In America there is ongoing reference to the issue regarding the separation of church and state, however a recent poll conducted by the PEW Forum on Politics and Religion indicated that a majority of American voters “believe” that lawmakers should be religious. While this may suggest a conflict between the constitutionally imposed separation between church and state, the reasoning behind this belief may suggest something quite different. It is also important to remember that the Constitution does not directly reference a separation of church and state, but refers to the establishment of religion, a philosophical concept found in Thomas Jefferson’s famous “Wall of Separation Letter,” written in 1802 in response to a letter from the Danbury Baptist Association in 1801, which we know as the “establishment clause.”

The PEW poll referenced above suggests that while America appears to have become a more secular society there still remain some deeply entrenched and longitudinal beliefs where religious faith resides and one of those involves America’s leaders. A good example of this seemingly long held American belief can be glimpsed among the developing carnage surrounding the question of President Obama’s publicized religious beliefs and those inferred by many opposed to his presidency, e.g. the “Birthers” and Tea Party activists. However, irrespective of the conflicting views of whether President Obama is a practicing Christian or a closet Muslim, religion, according to the above referenced Pew Poll is still considered an important prerequisite for a political leader.

One of the reasons underlying the importance of this personal attribute is that religious belief suggest adherence to long held guiding principles that help lawmakers make good moral and ethical decisions that ultimately affect those they have been elected to represent. In other words, religious beliefs act as a type of moral compass that helps lawmakers in making the right decision and navigate the waters of moral and ethical uncertainty in reference to the laws they introduce, support or enforce, as well as their personal morals and ethics.

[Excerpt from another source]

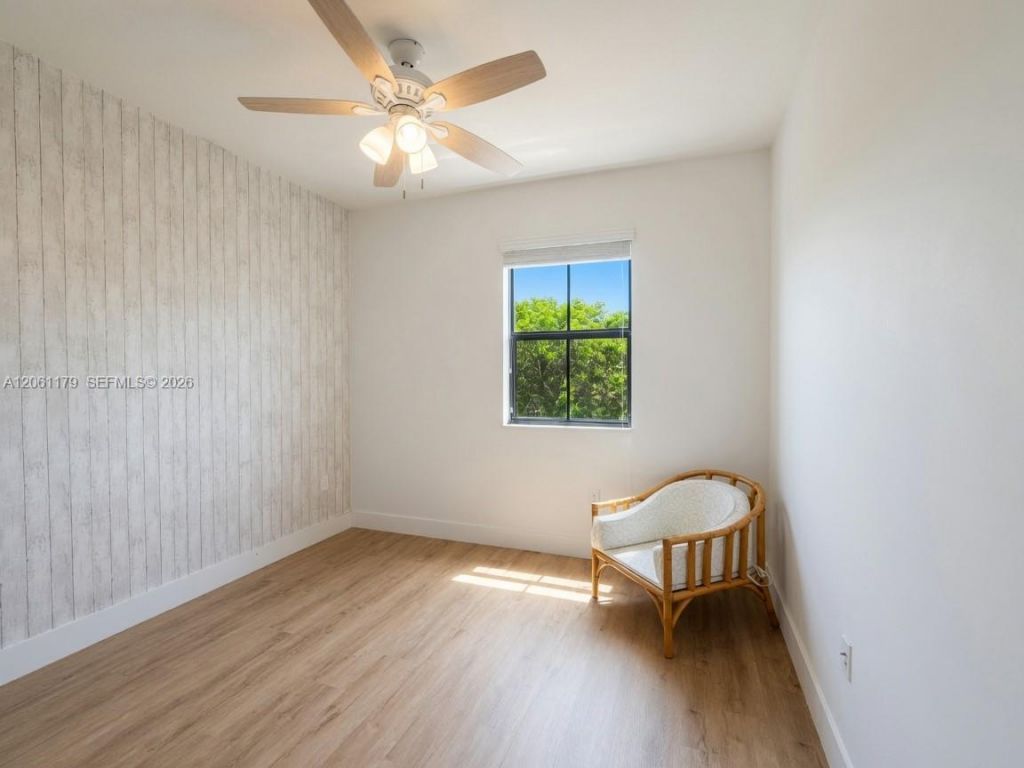 233 NE 23rd Ter, Homestead, FL 33033 Photo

The results of the above referenced PEW poll is not a matter of denominationalism or even religious expression, rather it is based upon what the average American citizen perceives as a reliable foundation on which political leaders can build good morals and ethics. Accordingly, it is reasonable to understand that religion is the basis from which the determination of right and wrong derives, as well as the scale on which such decisions can reliably be balanced. To this end, we can find support in the book of Jeremiah, specifically Chapter 2 verses 5 and 6 where it is taught:

5 thus, says the Lord, “What transgression have your fathers found in Me, so as to go far from Me, to follow after vain and worthless things?”

6 They did not say, “Where is the Lord, Who led us out of the land of Egypt.”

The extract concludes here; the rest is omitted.